Genetic diseases are determined by the combination of genes for a particular trait that are on the chromosomes received from the father and the mother. NGLY1 deficiency is inherited in an autosomal recessive pattern. Recessive genetic disorders occur when an individual inherits the same abnormal gene for the same trait from each parent. If an individual receives one normal gene and one gene for the disease, the person will be a carrier for the disease, but usually will not show symptoms. The risk for two carrier parents to both pass the defective gene and, therefore, have an affected child is 25% with each pregnancy. The risk to have a child who is a carrier like the parents is 50% with each pregnancy. The chance for a child to receive normal genes from both parents and be genetically normal for that particular trait is 25%. The risk is the same for males and females.

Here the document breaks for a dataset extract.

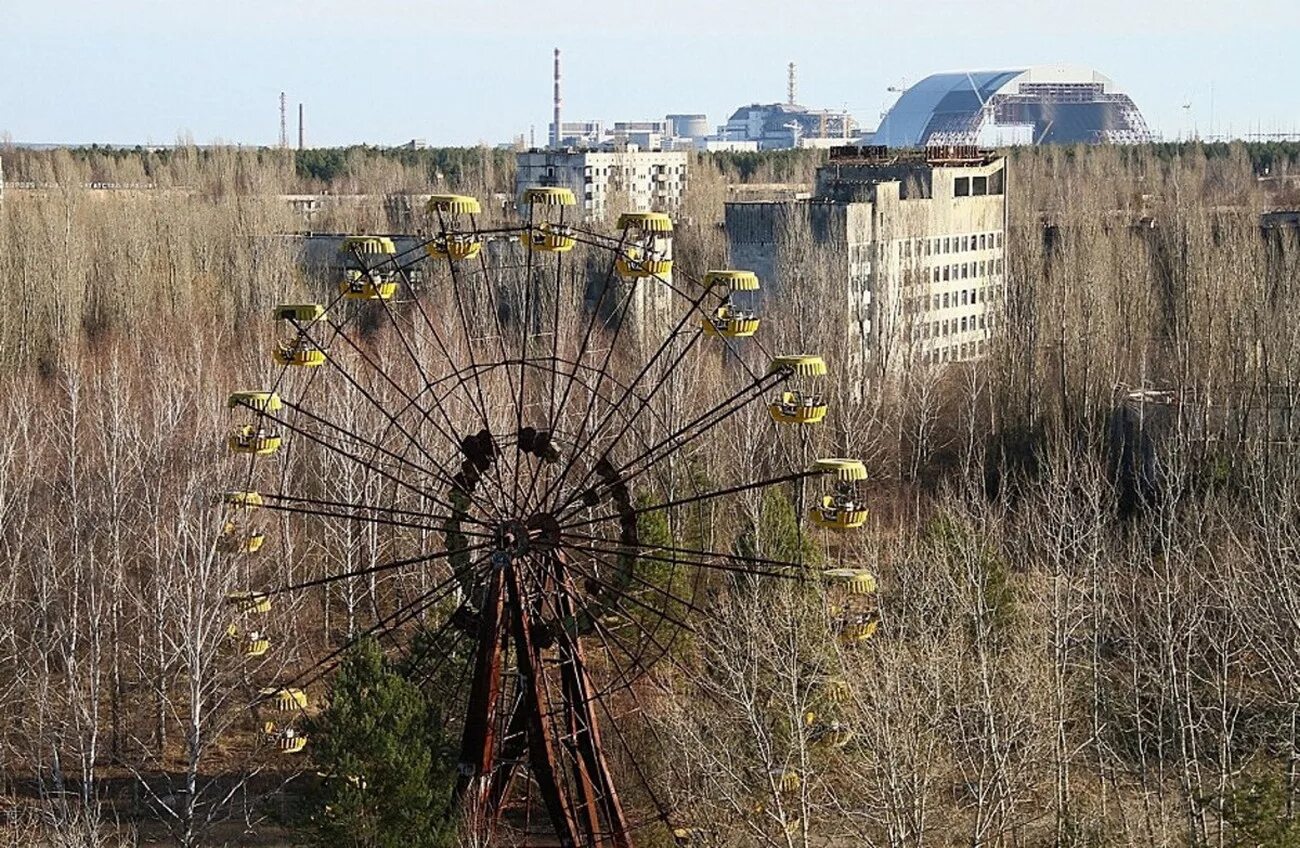 Chernobyl zone. Зона отчуждения Чернобыльской АЭС. Чернобыль зона отчуждения Припять. Зона отчуждения Чернобыль станция Припять. Чернобыль зона отчуждения город Припять.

NGLY1 deficiency is an extremely rare disorder that was first reported in the medical literature in 2012. According to the NGLY1 Foundation, as of April 2021, there are approximately 75 individuals worldwide who have been identified with the disorder. Rare diseases like NGLY1 deficiency often go undiagnosed or misdiagnosed, making it difficult to determine the true frequency in the general population.
A diagnosis of NGLY1 deficiency is based upon identification of characteristic symptoms, a detailed patient history, a thorough clinical evaluation and a variety of specialized tests. There are no formal diagnostic criteria established for this disorder. A combination of characteristic symptoms including developmental delays, alacrima, hyperkinetic movement disorders, and liver disease may prompt testing for the disorder.

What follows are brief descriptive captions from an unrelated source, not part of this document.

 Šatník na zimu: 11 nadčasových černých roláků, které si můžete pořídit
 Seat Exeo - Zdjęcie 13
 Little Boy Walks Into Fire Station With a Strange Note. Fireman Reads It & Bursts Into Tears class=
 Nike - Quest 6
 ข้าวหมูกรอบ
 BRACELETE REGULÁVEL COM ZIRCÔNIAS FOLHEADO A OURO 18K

Clinical Testing and Workup
Most individuals are diagnosed through molecular genetic (DNA) testing. Molecular genetic testing can detect mutations in the NGLY1 gene known to cause NGLY1 deficiency but is available only as a diagnostic service at specialized laboratories.

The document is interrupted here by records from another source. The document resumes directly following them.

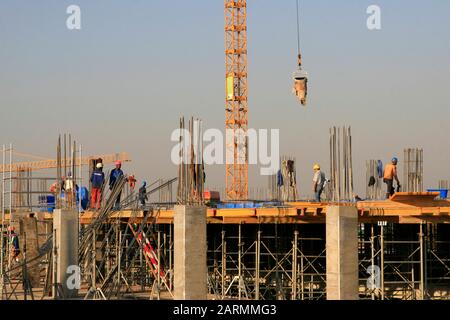 Le centre commercial de la villa lorsqu'il a commencé avec la construction pendant la phase initiale de construction en 2009, Moreleta Park, Pretoria/Thswane, Gauteng, South Afr Banque D'Images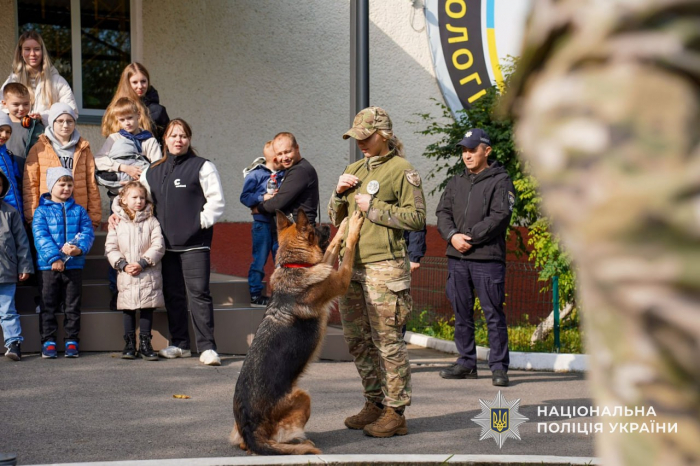 У Кінологічному центрі поліції Закарпаття для діток провели захід до Всесвітнього дня захисту тварин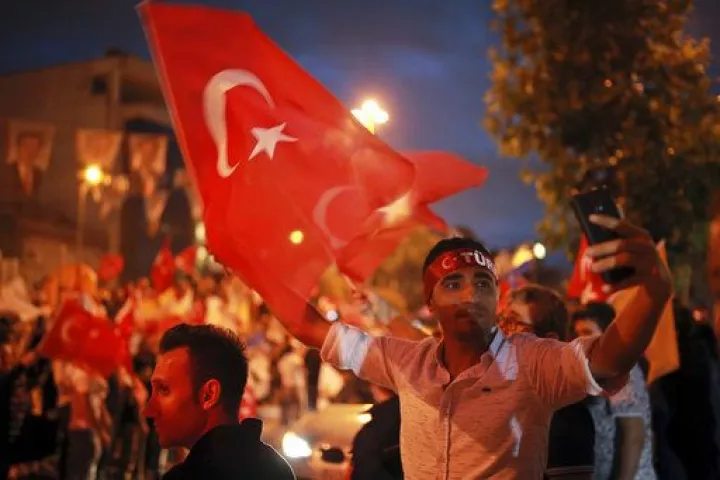 Ερντογάν: Η Τουρκία έδωσε στον κόσμο ένα μάθημα δημοκρατίας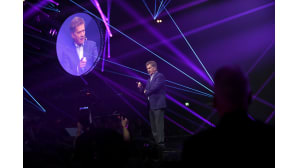 Sauli Niinistö Slushin avajais-showssa.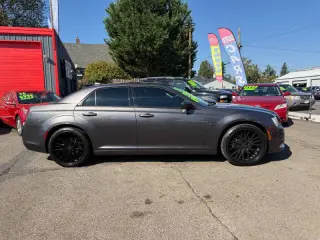 2015 Chrysler 300 Limited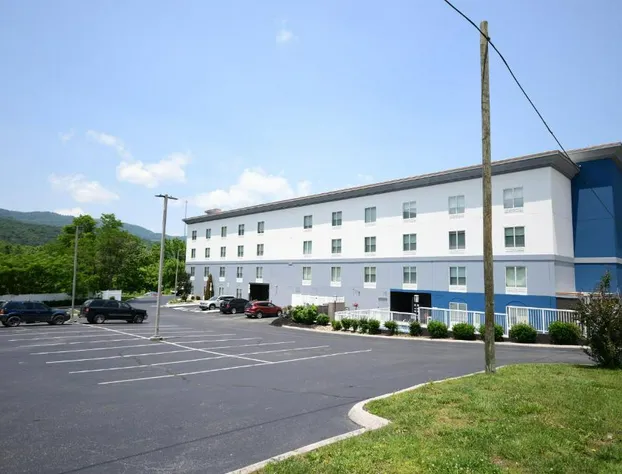 Holiday Inn Express & Suites, Caryville by IHG hotel detail image 4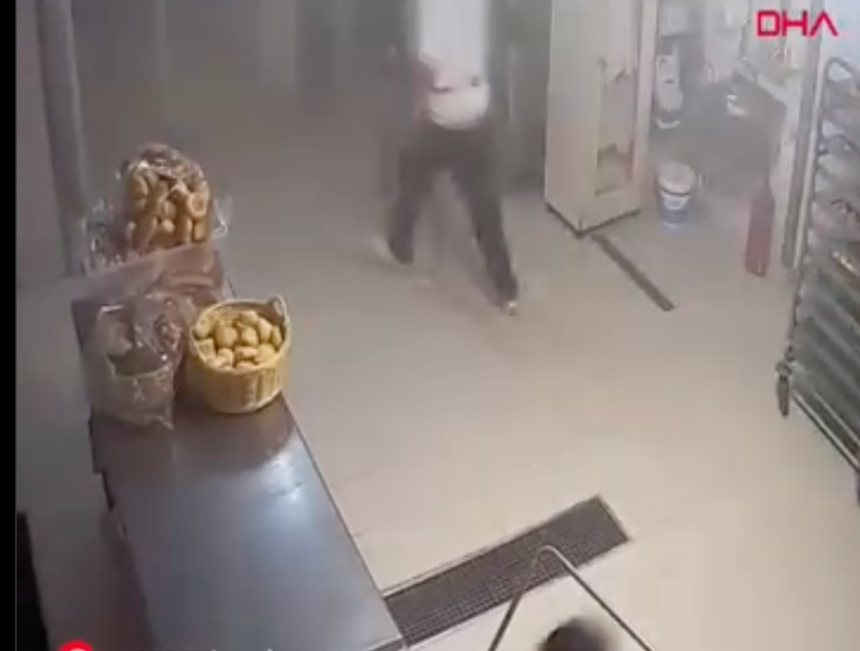 “Mış Gibi” planlar ve yangın tüpünün etrafındaki trajik dans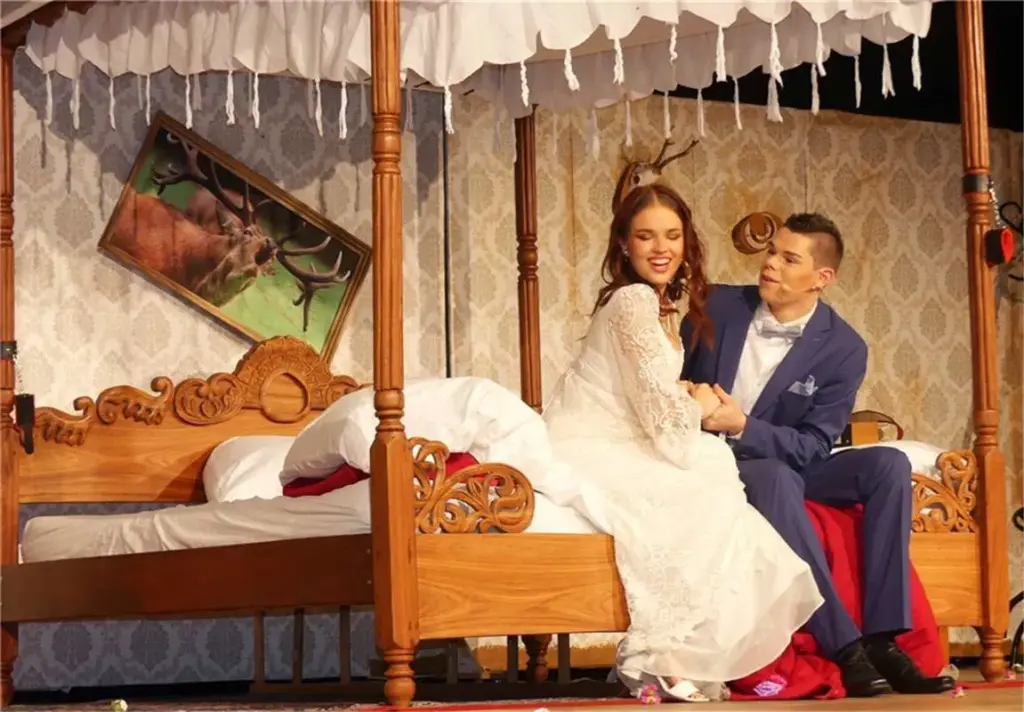 Das nostalgische Himmelbett ist zwar schon arg zerwühlt, aber nicht wie erhofft vom frischen vermählten Ehepaar.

If molecular genetic testing identifies variants in the NGLY1 gene that have never been seen before, research is necessary to confirm a diagnosis. Sometimes the research testing needs a small sample of skin tissue that is obtained by cutting off a small piece of skin (skin biopsy), which is then studied under a microscope.
Liver chemistry tests can reveal elevated levels of certain liver enzymes, aspartate transaminase (AST) and alanine transaminase (ALT) in the blood. Sometimes, there is elevation of alpha-fetoprotein (AFP). Elevation of these liver enzymes can occur in a variety of diseases and is not diagnostic of NGLY1 deficiency on their own. The levels of these enzymes in children normalize with age, and this testing is not effective for older children.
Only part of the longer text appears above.